Just then a car, later identified (rather unhelpfully) as “a black machine” or “a big sedan,” came busting down Arch Street. It swerved southbound on Tenth, and braked sharply in front of the three men. A gun poking through the left rear window ended the short life of Hughie McLoon.
The date was Thursday, August 9, 1928. Hughie was twenty-six years and nineteen days old. Part of his face and skull were blown away. The morning papers called it an accident. The gunman or gunmen, it was reported and widely accepted, had been aiming for the two ejected customers, low-ranking mugs whom they had been tailing all evening in hopes of a quick assassination, a couple of drinks, some light lunch, and early to bed. It was dark at Tenth and Cuthbert, and Hughie, however famous, however small a target at less than fifty inches and eighty pounds, was collateral damage.

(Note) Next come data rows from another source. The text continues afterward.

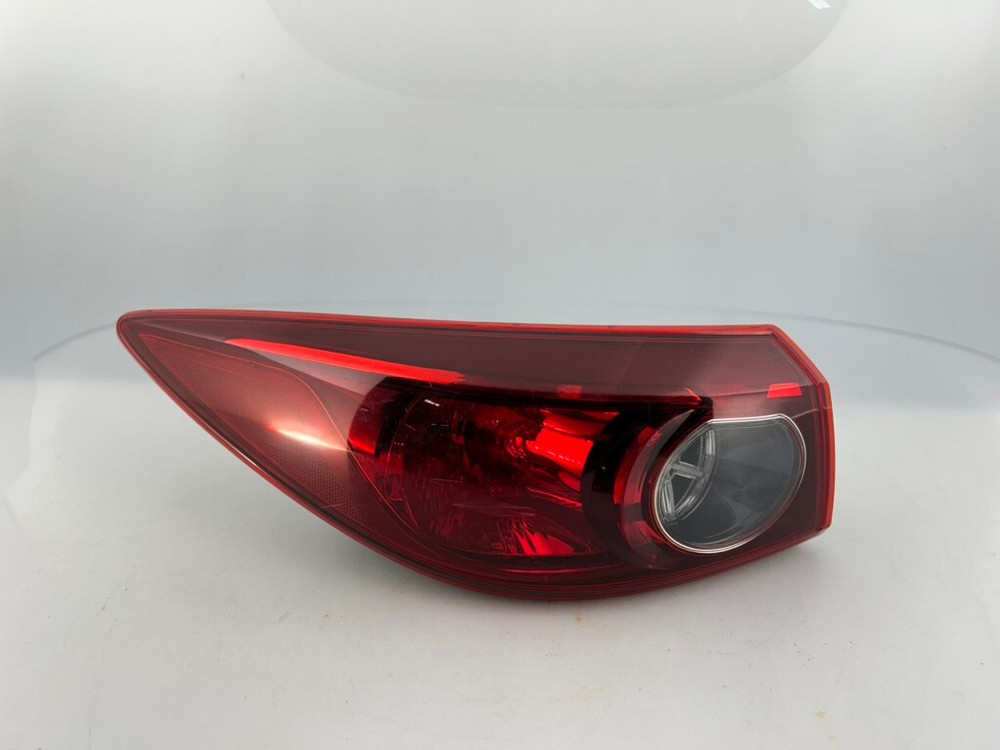 2014-2018 Mazda 3 Sedan Left Driver Side Halogen Tail Light
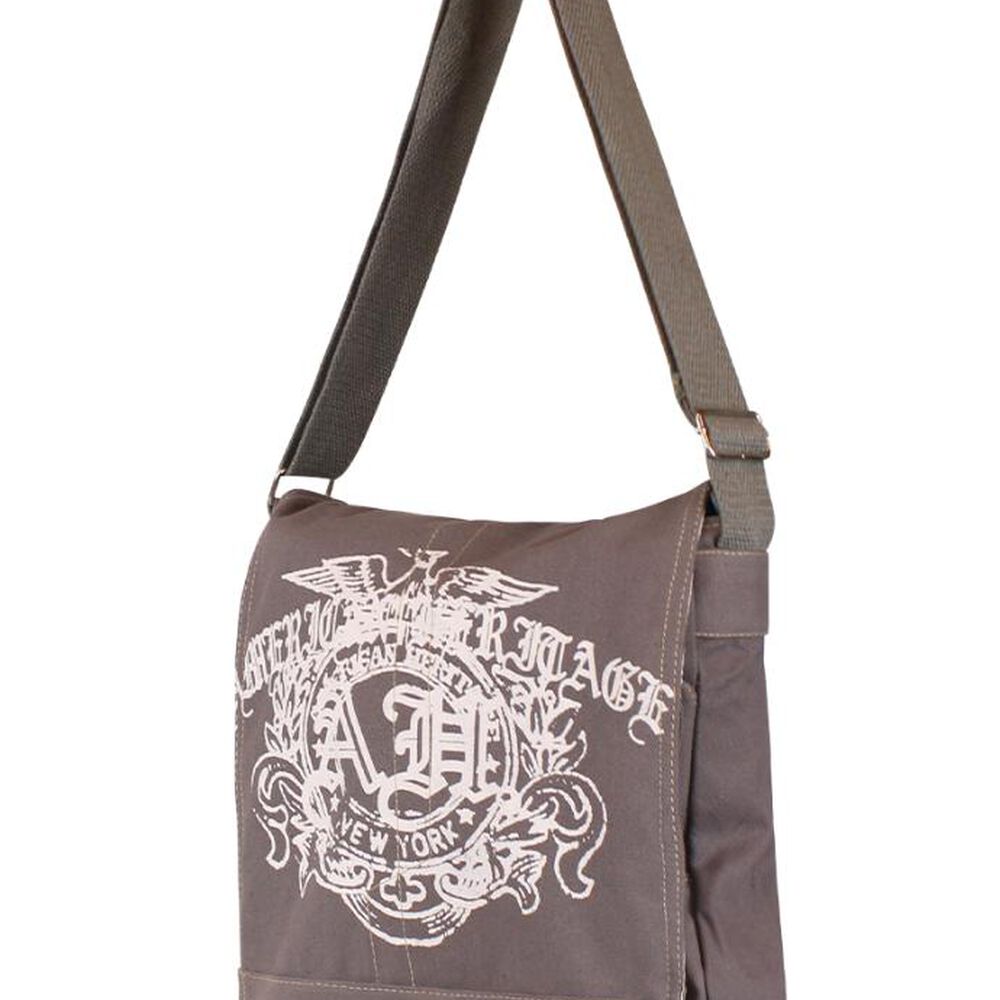 Bolso Morral American Gris Park West image number 1.0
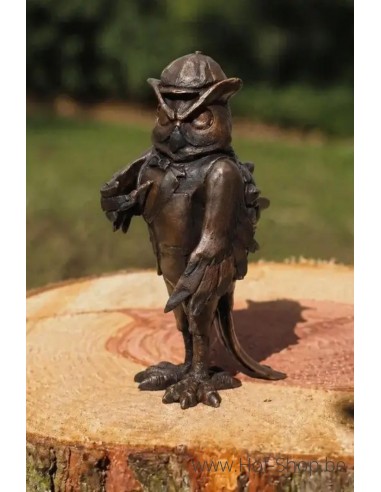 Hibou - statue en bronze (BS1453B)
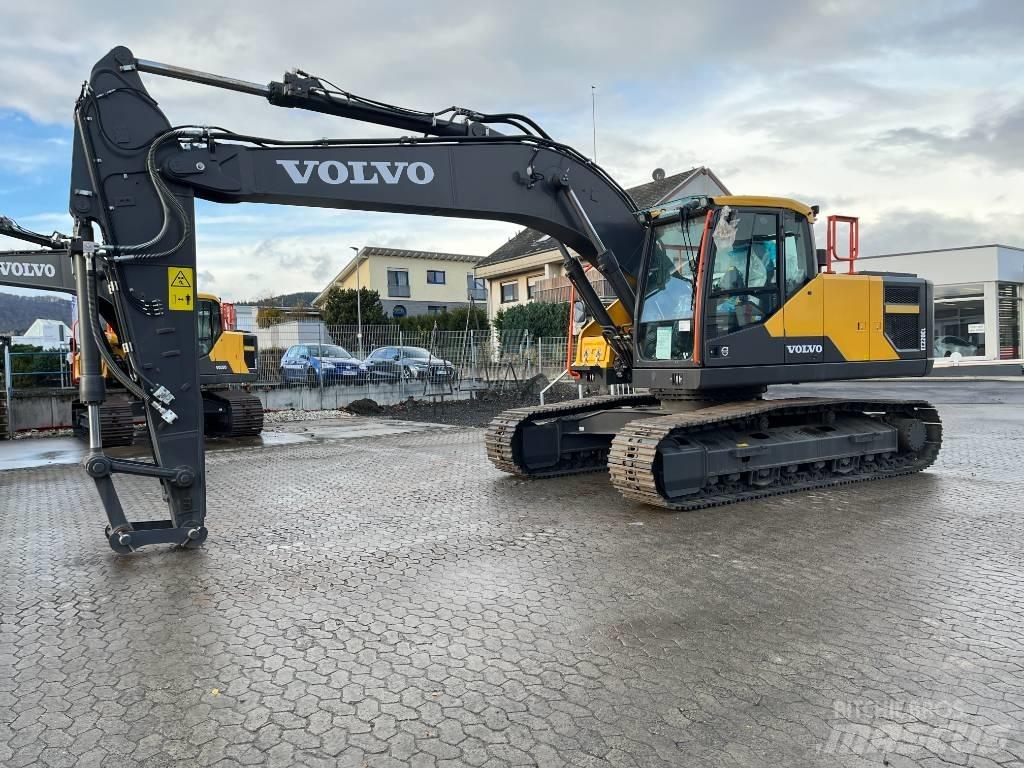 Volvo EC220EL Crawler excavators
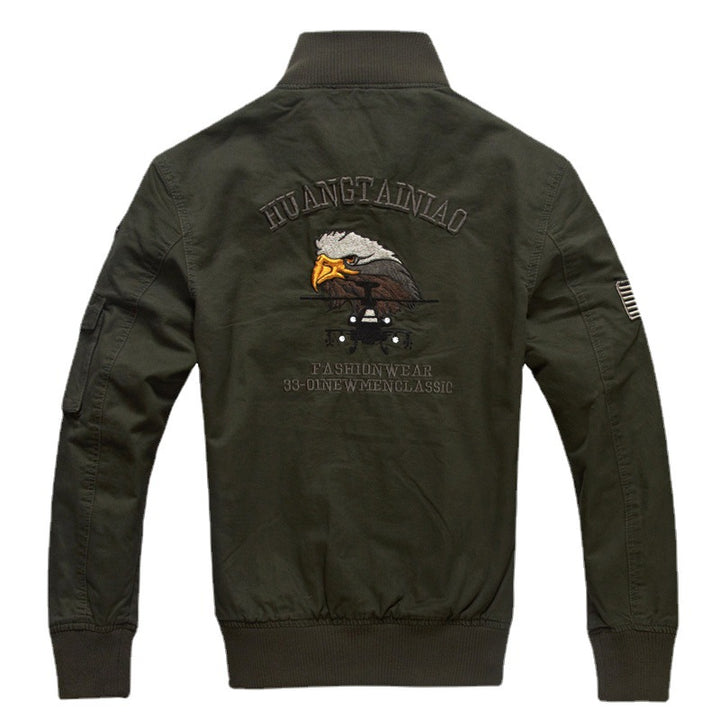 Herren Freizeitjacke im Militär-Look Echo Archive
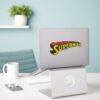 Superman___Yellow_Red_Letters_Logo_Sticker_3 Superman Yellow Red Letters Logo Sticker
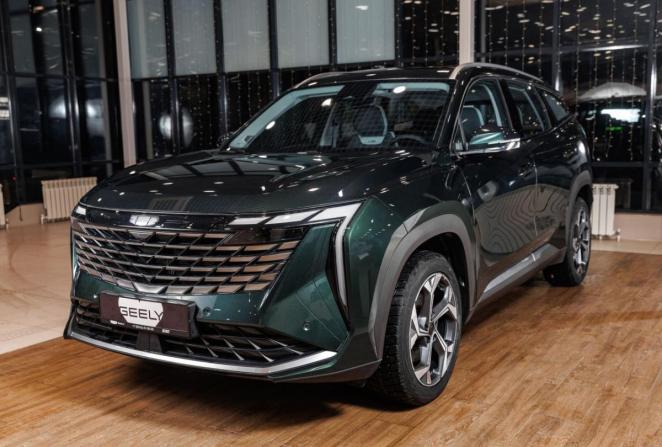 Новый Geely Atlas II 2026 года, цена 4 114 990 рублей, внедорожник, Автокод Объявления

After the shooting, the black machine “raced in wild excitement for blocks around” and disappeared. A pair of firemen from Engine Company 20, less than fifty yards from the massacre, heard the shots and ran toward the scene. They followed a river of blood down eight steps to the entrance of Devine’s Shoe Repair. Hughie McLoon, the former mascot of the baseball Athletics, the lucky hunchback who tended the bats, “a cripple who basked in the shadow of the strong,” the Dapper Dan about town who “lived in a heaven of his own construction,” the crony of crime-busters and prizefighters and pull hitters and rumrunners alike, “the Hughie who loved the spotlight, the Hughie who loved the crowds,” was lying there with more than a dozen wounds to the head, face, and body. In the mascot’s pocket, the firemen found twenty-five cents.
Hughie’s death wrung from a city inured to underworld violence after eight and a half years of Prohibition an outpouring worthy of the operatic stage. “In the circles in which he moved he was known to thousands,” the Philadelphia Record grieved. “And a tragic end brought the throng closer to him in death than it had ever been in life.”
But what of William Meister and Joseph Fries (whose real names, it turned out, were Liko and Belko)? The latter limped away with a slight wound to the calf. It was the second time he’d been shot in thirty-two days, and not the last.
Detectives brought Belko/Fries to City Hall and asked their questions, seeking to identify the men in the death car. “Yes, I know them,” he said, “but believe me, I’m not going to squeal.”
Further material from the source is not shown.